* _DATA RECORDS_
-- Opening Marker --
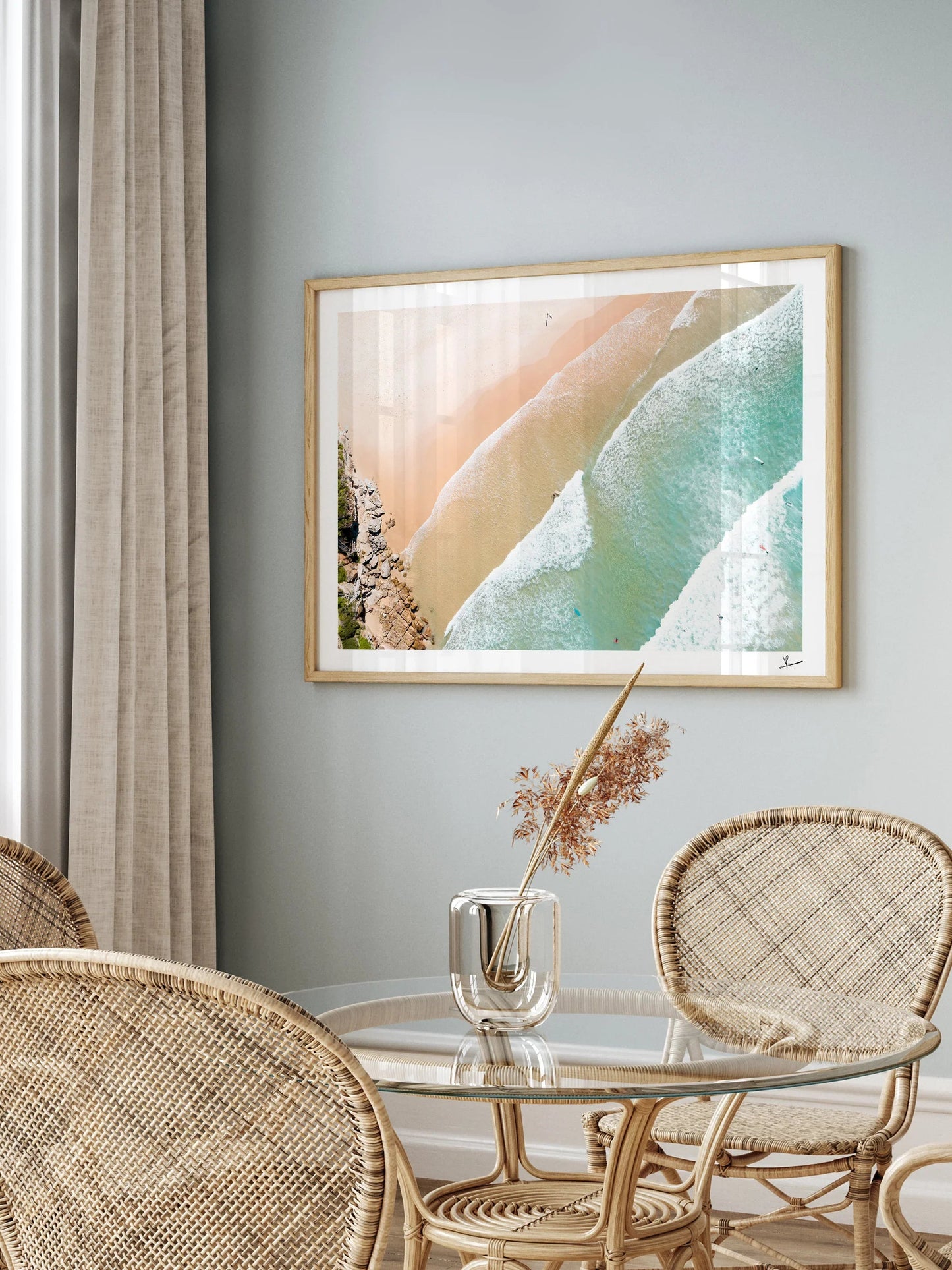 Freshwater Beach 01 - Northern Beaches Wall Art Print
-- Closing Marker --
-- Opening Marker --
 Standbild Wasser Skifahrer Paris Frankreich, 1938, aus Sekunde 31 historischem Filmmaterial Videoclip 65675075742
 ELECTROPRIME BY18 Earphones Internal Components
-- Closing Marker --
* _TASK GOAL_
Copy only this part of the entries above: the line with "Standbild Wasser Skifahrer", the line with "ELECTROPRIME BY18 Earphones", and the lines between, all exactly as written.

* _RESPONSE_
 Standbild Wasser Skifahrer Paris Frankreich, 1938, aus Sekunde 31 historischem Filmmaterial Videoclip 65675075742
 ELECTROPRIME BY18 Earphones Internal Components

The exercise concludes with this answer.